My father came to England from Rumania in 1922 at the age of 16 with his parents and 7 older siblings and settled in North London where other relatives had already made their home.
He had no formal education at that time and being the youngest of 8 children was not considered a priority by his parents so far as studies were concerned.
So, whilst a brother read economics and political science at the London School of Economics and a sister studied medicine at the London Hospital, my Dad's first job was as a barrow boy getting up each weekday morning at 4.00 to catch a smoke-filled tram to the yard where he could rent a barrow and push it to market.
At 20, he began working in his brother-in-law's hat workroom where he promptly put a sewing machine needle through his finger and decided he was not cut out to be a hatter!

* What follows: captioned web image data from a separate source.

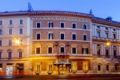 Hotel Tiziano ホテル詳細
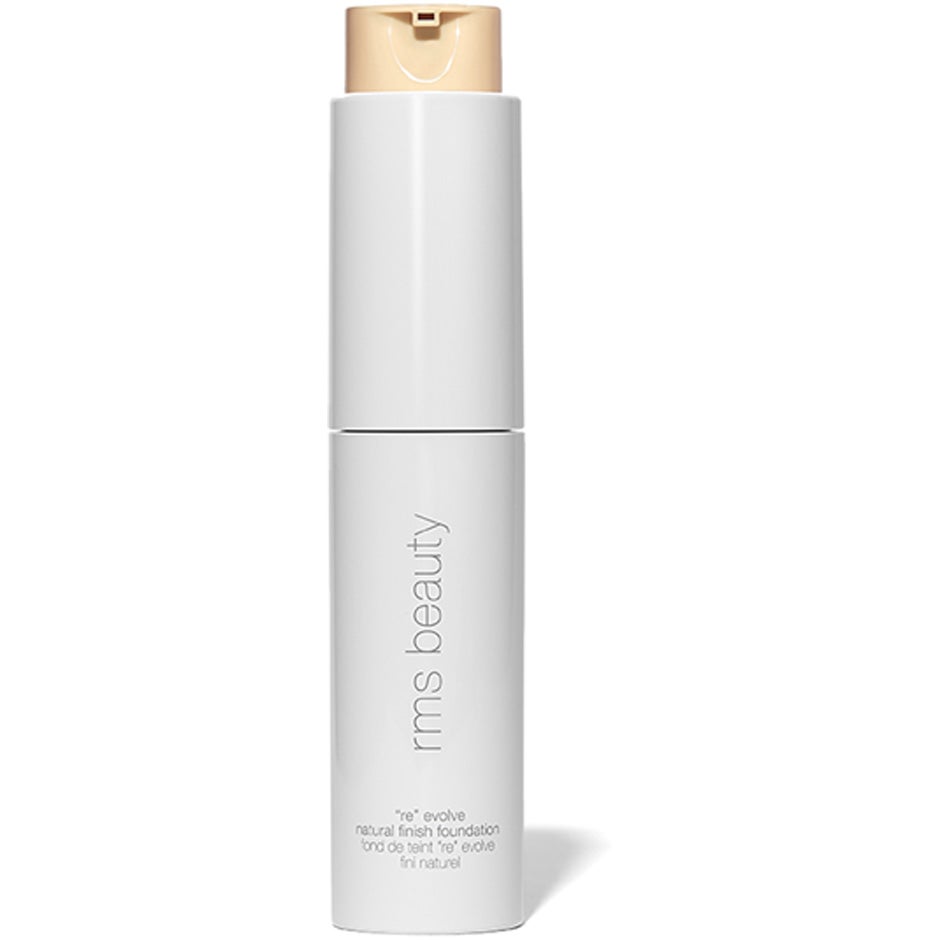 ReEvolve Natural Finish Liquid Foundation 000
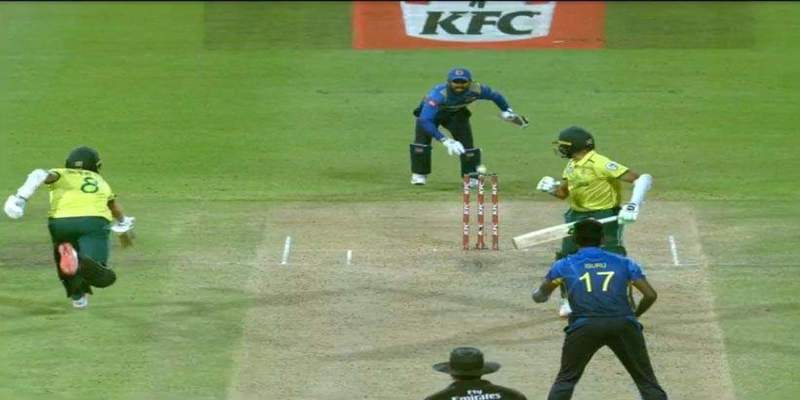 More blunders in South Africa, Game ends in a Super-Over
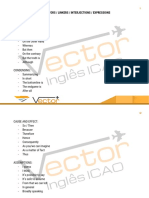 Connectors / Linkers / Interjections / Expressions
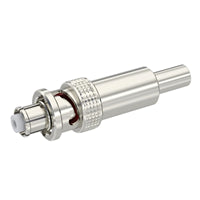 R574423405 by Radiall USA, Inc. - SP4T TERMINATED RAMSES SMA 18GHZ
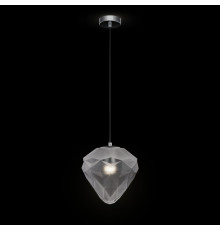 Светильник подвесной Maytoni Globo P053PL-01GR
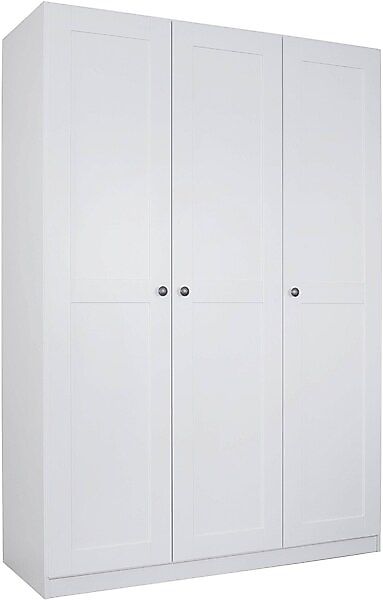 rauch Drehtürenschrank »Skagen« im Landhaus-Stil günstig online kaufen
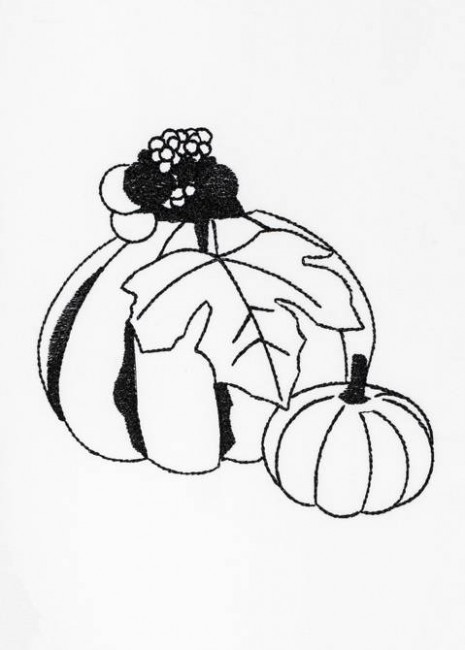 BFC1200 Autumn Blackwork Designs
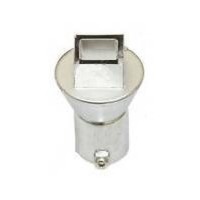 Aoyue 1188 Air Nozzzle Plcc 9 X 9 Mm (20 Broches)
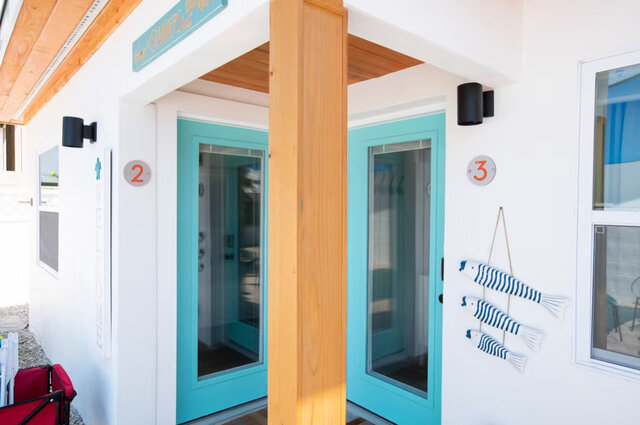Image 14 for The Gulfside King Studio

So he became a travelling salesman in the garment business travelling the length and breadth of the UK.
One evening, at the age of 30, having been thrown out of a garment buyer's office because his samples were not appealing, he came home despondent - in those days unmarried children lived at home until they married! -and told his sister, who by then had qualified as a "lady doctor", that he was totally fed up with his soul-destroying job.

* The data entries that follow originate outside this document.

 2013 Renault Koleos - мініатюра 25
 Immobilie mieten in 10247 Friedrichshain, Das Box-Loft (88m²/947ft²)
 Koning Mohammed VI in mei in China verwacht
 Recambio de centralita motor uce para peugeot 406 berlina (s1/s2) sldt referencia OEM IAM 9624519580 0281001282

She said to him "so why don't you become a doctor like me?" to which he retorted "you might as well tell me to fly to the moon!"
Nevertheless, he enrolled at night school and within 18 months gained his matric (the forerunner of O Levels) and at the age of 32 was accepted as a mature student at St Bartholomew's Hospital ("Barts"), the oldest and most-prestigious medical school in London.
in 1944, at 38, he qualified as a doctor and a year later married my Mum who had fled to England with her family in 1937 as a refugee from Hitler's Germany.
He became a GP and remained in General Practice until he retired aged 80 - he felt it would have been inappropriate to retire earlier as he had had such a late start!
My father's drive and determination to succeed against all the odds have been an inspiration to me throughout my own life and professional career and although I am also a late starter - at least so far as local politics are concerned - I hope to emulate his example if I am successful in persuading my constituents to elect me as a District Councillor for the Guild & Hathaway Ward.